**EXERCISE MATERIAL:**
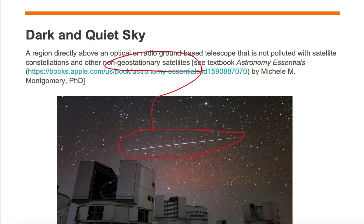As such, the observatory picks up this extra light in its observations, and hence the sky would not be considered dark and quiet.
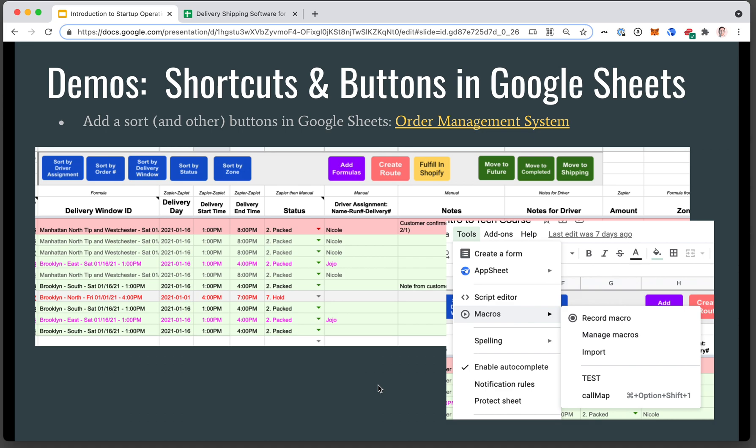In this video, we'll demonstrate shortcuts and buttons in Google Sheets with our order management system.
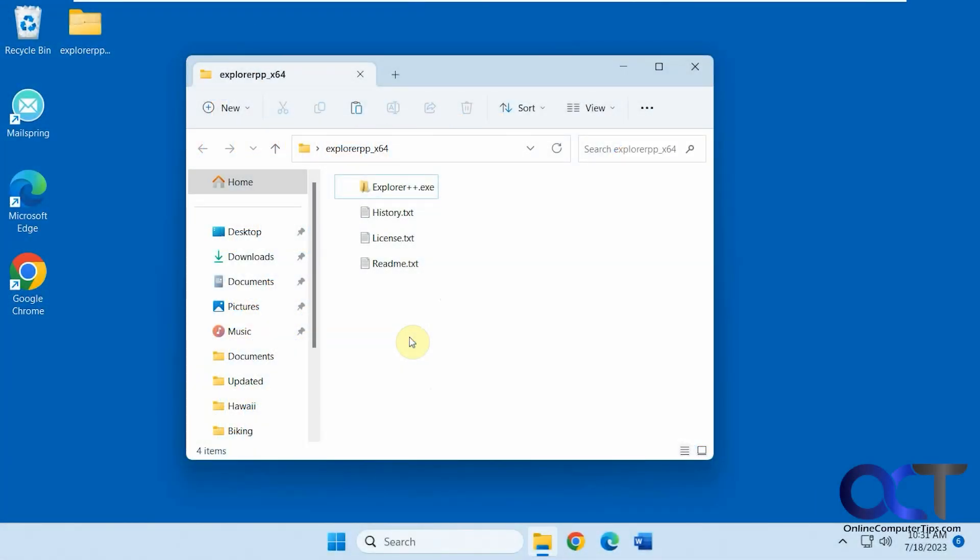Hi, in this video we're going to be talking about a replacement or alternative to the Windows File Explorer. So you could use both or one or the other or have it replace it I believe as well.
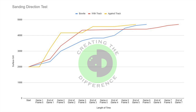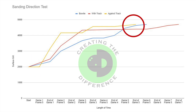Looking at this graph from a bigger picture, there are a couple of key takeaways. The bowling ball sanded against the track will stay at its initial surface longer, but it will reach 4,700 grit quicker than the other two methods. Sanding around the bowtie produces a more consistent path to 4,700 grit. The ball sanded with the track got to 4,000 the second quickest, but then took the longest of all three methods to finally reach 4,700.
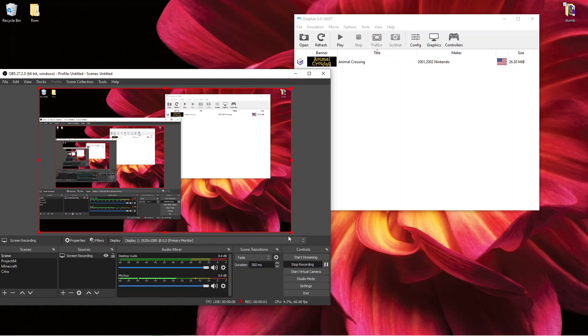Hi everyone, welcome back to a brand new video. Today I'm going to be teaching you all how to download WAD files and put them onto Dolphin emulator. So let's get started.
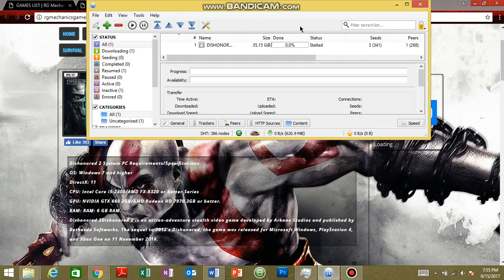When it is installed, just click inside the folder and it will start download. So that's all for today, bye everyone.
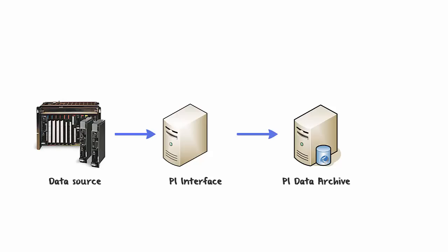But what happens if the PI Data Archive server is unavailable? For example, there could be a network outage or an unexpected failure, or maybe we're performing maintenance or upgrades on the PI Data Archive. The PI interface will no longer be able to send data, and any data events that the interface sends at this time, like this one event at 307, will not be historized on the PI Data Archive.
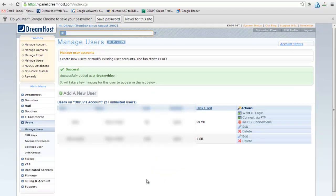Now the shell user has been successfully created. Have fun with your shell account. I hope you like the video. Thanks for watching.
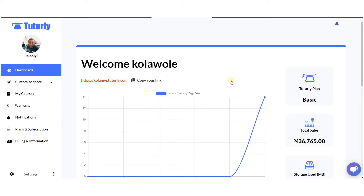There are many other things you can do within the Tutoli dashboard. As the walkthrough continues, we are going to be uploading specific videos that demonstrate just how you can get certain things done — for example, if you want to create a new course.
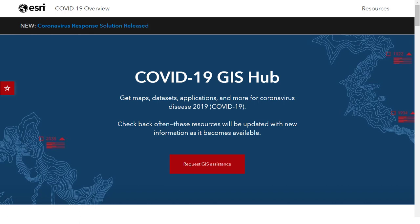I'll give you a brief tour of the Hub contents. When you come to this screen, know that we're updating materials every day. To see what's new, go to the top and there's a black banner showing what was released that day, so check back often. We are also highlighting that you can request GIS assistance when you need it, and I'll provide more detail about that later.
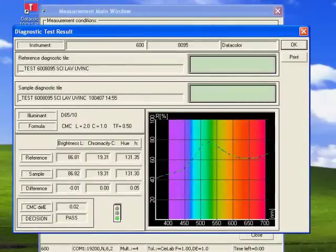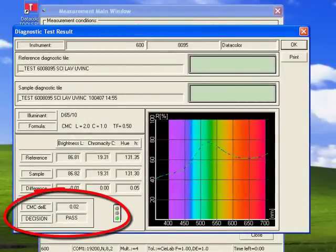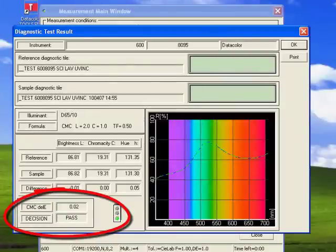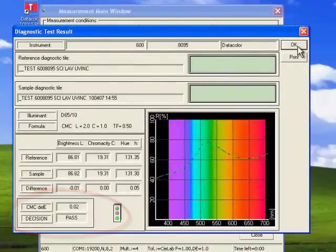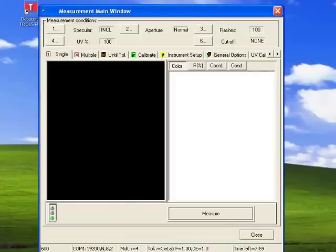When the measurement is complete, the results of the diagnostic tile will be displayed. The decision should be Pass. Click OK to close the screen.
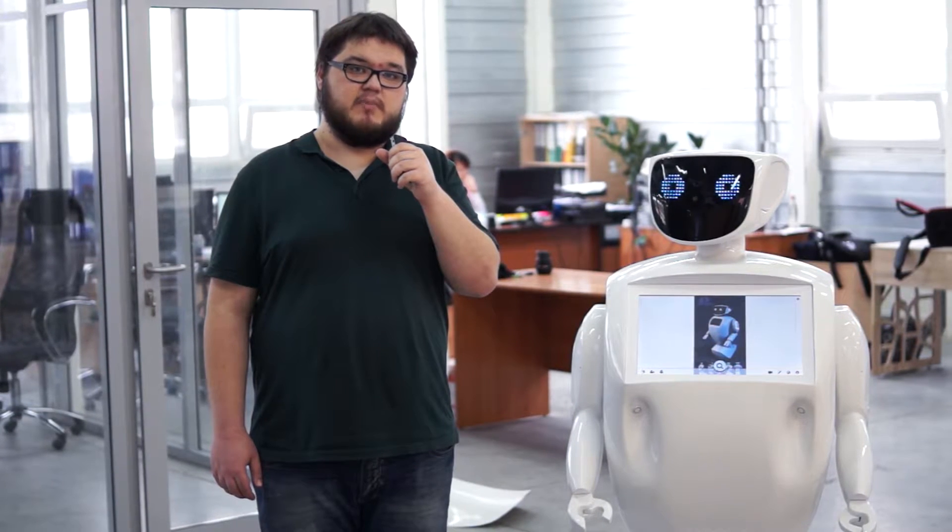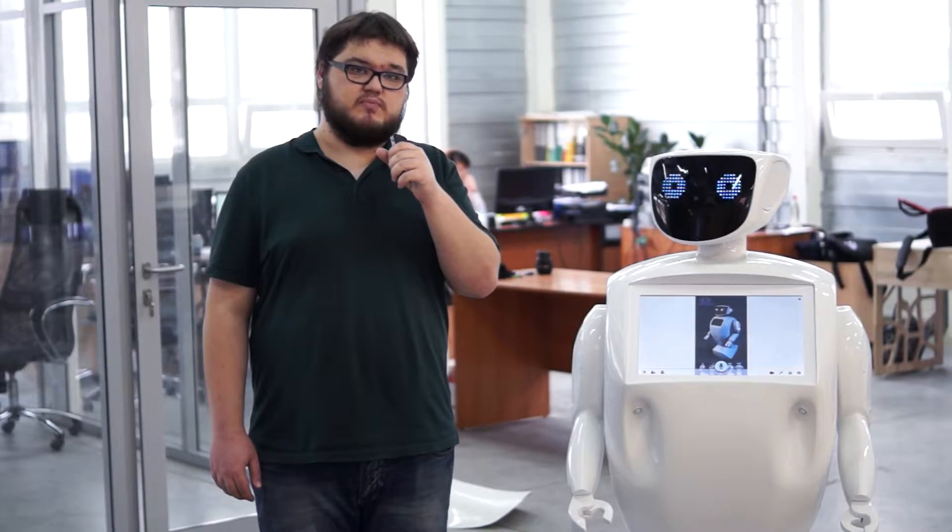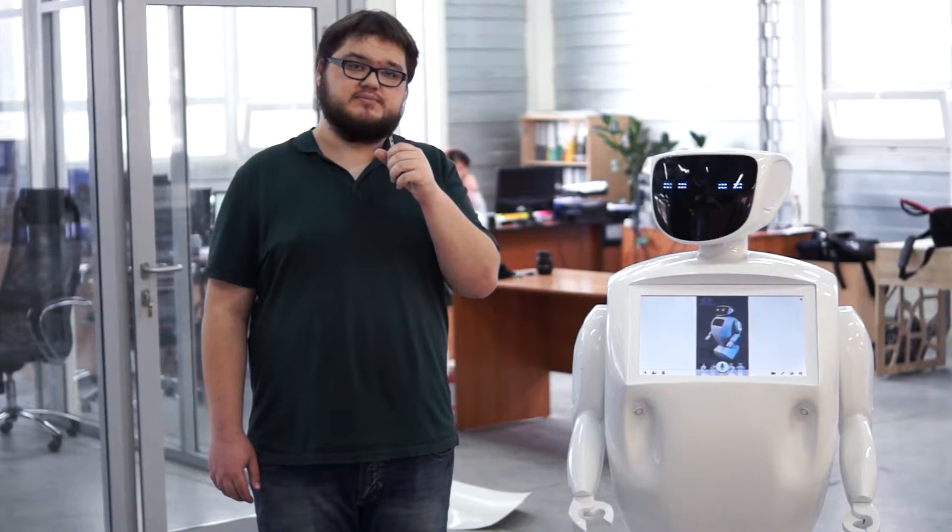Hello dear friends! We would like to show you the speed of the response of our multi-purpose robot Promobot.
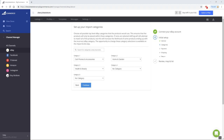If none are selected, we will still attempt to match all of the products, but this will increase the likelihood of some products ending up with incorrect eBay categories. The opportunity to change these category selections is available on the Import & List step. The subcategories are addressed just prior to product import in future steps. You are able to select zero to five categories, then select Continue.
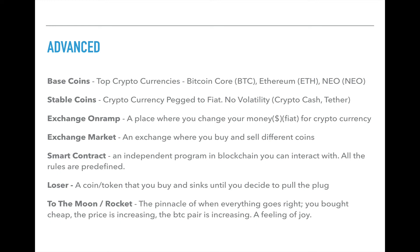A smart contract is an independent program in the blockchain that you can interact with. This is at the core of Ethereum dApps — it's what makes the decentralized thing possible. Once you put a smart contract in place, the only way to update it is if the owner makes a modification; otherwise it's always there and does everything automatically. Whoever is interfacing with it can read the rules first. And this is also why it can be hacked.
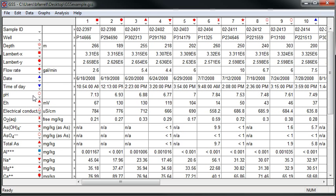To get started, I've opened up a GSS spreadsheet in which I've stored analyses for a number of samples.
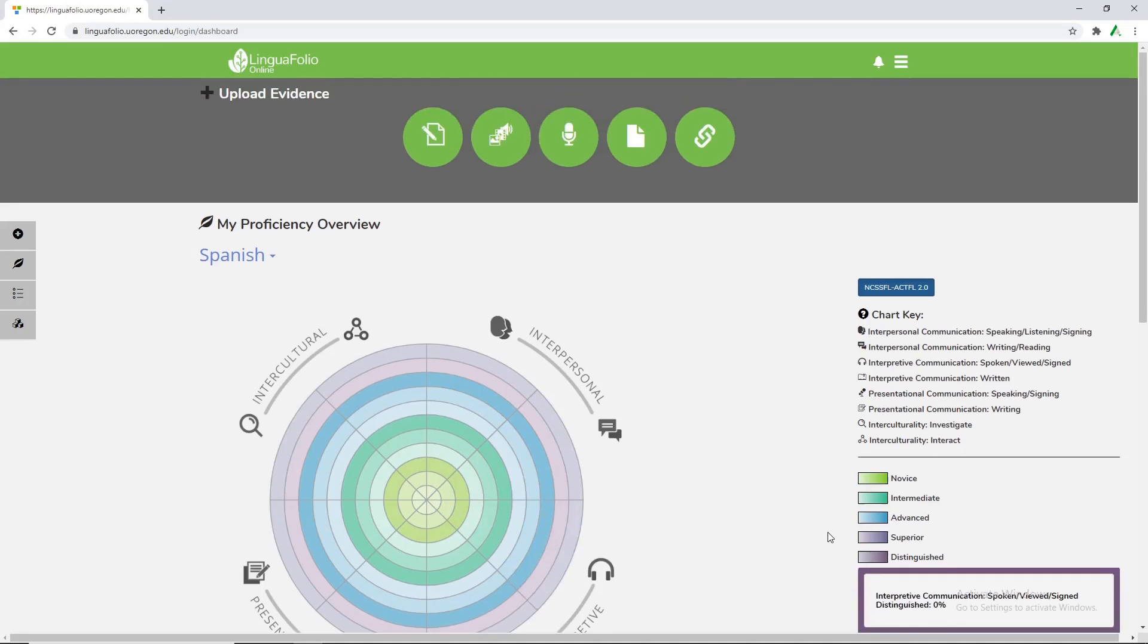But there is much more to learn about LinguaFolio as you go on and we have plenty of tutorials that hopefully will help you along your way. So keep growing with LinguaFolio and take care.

**TASK PROMPT:** From the records above, transcribe only the stretch from the line with "Now the shell" through the line with "There are many", keeping both ends. Omit pictures.

**ANSWER SPACE:**
Now the shell user has been successfully created. Have fun with your shell account. I hope you like the video. Thanks for watching.
There are many other things you can do within the Tutoli dashboard. As the walkthrough continues, we are going to be uploading specific videos that demonstrate just how you can get certain things done — for example, if you want to create a new course.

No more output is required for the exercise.